As you may know, computers do not see the world in pictures or words. Instead all they see is numbers (0s and 1s to be more exact). Natural Language Processing is the technique that translates words into numbers so the computer can understand it. One simple way to do that is to count all the times each word shows up in a text and list them in a table. This simple word count exercise can already shed light into what the text is about. More advanced techniques will not only account for word incidence but also how close they are from each other by meaning. I could go on but for now suffice it to say that NLP starts “telling the story” of a text albeit in a numeric form to the computer.

What I describe above is already present in leading Bible softwares where one can study word counts till Kingdom come (no pun intended). Yet, this is only the first step in enabling computers to start mining the text for meaning and insight.
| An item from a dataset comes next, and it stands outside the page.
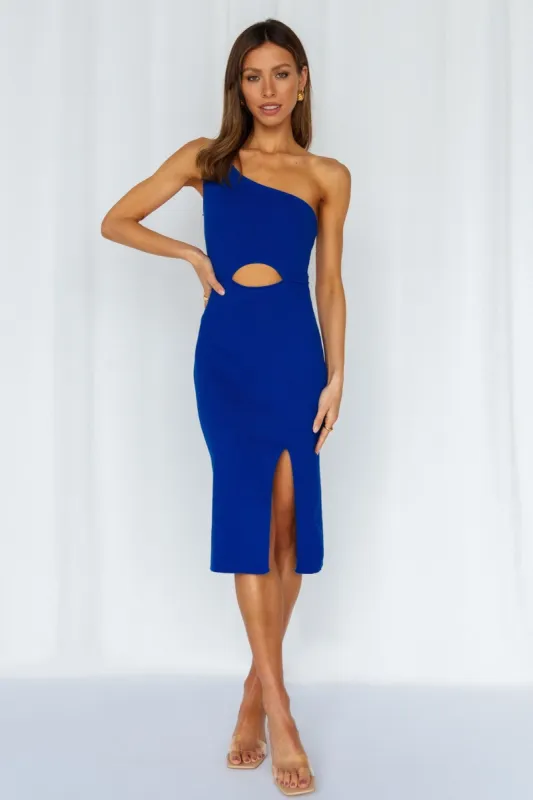 Jade Midi Dress Blue sold by Hello Molly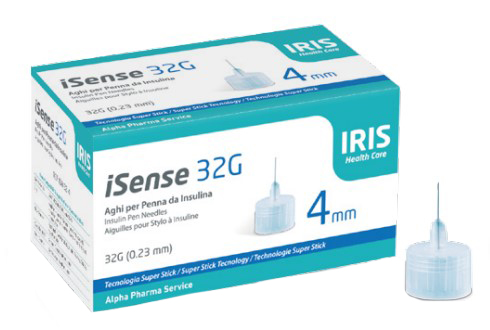I SENSE AGO PER INSULINA GAUGE 32 4 MM 100 PEZZI - Farmacia Puddu Baire S.r.l.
When you add AI to NLP, that is when things start getting interesting. Think more of a Watson type of algorithm that you can ask a question and it can find the answer in the text. Now one can analyze sentiment, genre, text structure to name a few in a more efficient way. With AI, computers are now able to make connections between text that was only possible previously by the human mind. Except that they can do it a lot faster and, when well-trained, with greater precision.
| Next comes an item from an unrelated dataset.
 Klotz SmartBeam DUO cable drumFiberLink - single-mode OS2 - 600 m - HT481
One example is sentiment analysis where the algorithm is not looking for the text itself but more subjective notions of tone expressed in a text. For example, this technique is currently used to analyze customer reviews in order to understand whether a review is positive or negative. I manually attempted this for a Old Testament class assignment in which I mapped out the “sentiment” of Isaiah. I basically categorized each verse with a color to indicate whether it was positive (blessing or worship) or negative (condemnation or lament). I then zoomed out to see how the book’s  sentiment oscillated throughout the chapters. This laborious analysis made me look at the book in a whole different lens. As AI applications become more common, these analysis and visuals could be created in a matter of seconds.
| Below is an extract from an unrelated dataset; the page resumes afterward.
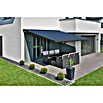 Deyo Limassol Vollkassettenmarkise (Blau, Farbe Gestell: Eisenglimmer matt, Breite: 4 m, Ausfall: 3,5 m) | BAUHAUS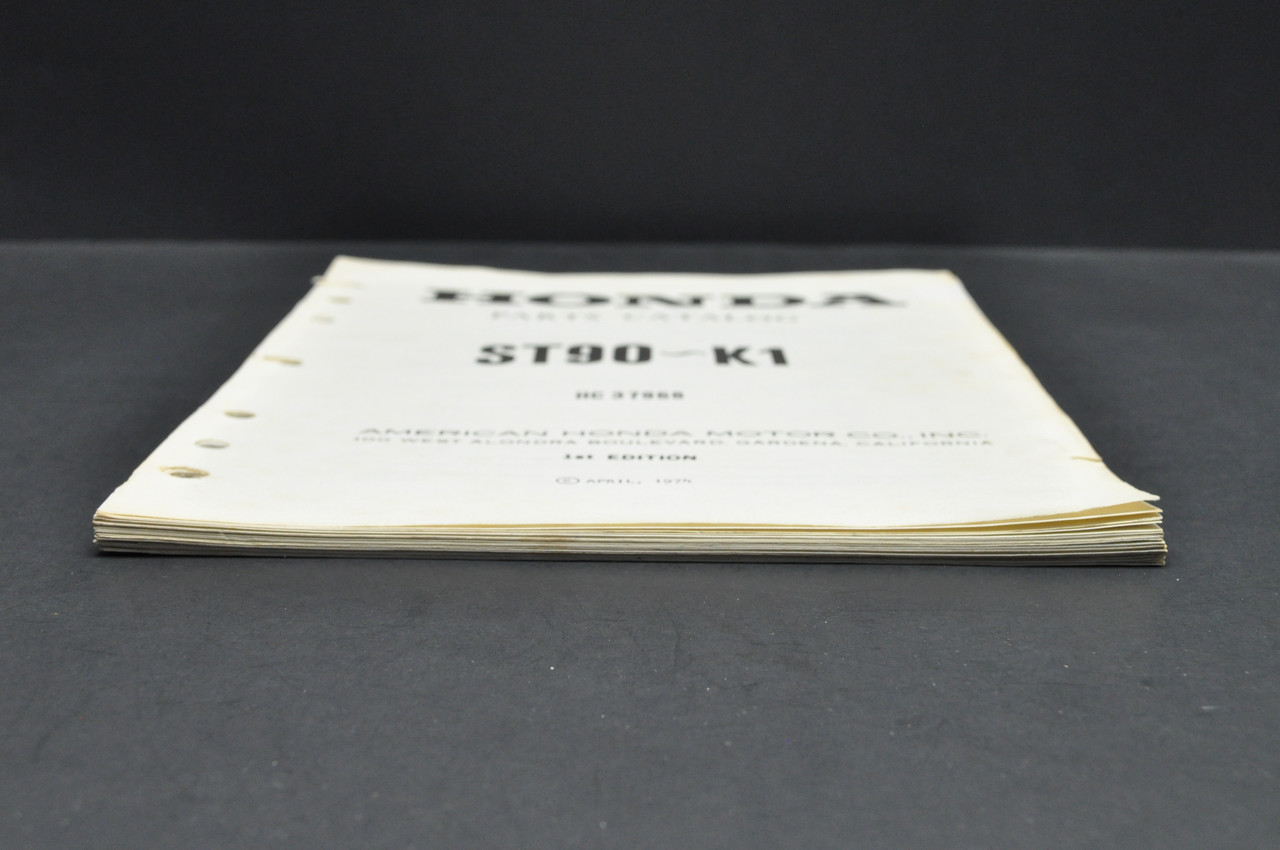 Vtg 1974-75 Honda CR125 M Elsinore M0-M1 Parts Catalog Book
A Future for Biblical Scholarship

Now, by showing these examples I don’t mean to say that AI will replace Scholars. Algorithms still need to be trained by humans who understand the text’s original languages and its intricacies. Yet, I do see a future where Biblical scholarship will not be hampered by the current barriers of entry I described above. Imagine a future where scholars collaborate with data scientists to uncover new meaning in an ancient text. I also see an opportunity for professionals that know enough about Biblical studies and technology becoming valuable additions to research teams. (Are you listening Fuller Seminary? How about a new MA in Biblical Studies and Text Mining?). The hope is that with these tools, more people can be involved in the process and collaboration between researchers can increase. The task of Biblical research is too large to be limited to a select group highly educated scholars. Instead, AI can facilitate the crowdsourcing of the work to analyze and make meaning of the countless text currently available.

With all that said, it is difficult imagine a time where the Bible is just a book to be analyzed. Instead it is to be experienced, wrestled with and discussed. New technologies will not supplant that. Yet, could they open new avenues of meaning until now never conceived by the human mind. What if AI-enabled Biblical Scholarship could not just uncover new knowledge but also facilitate revelation?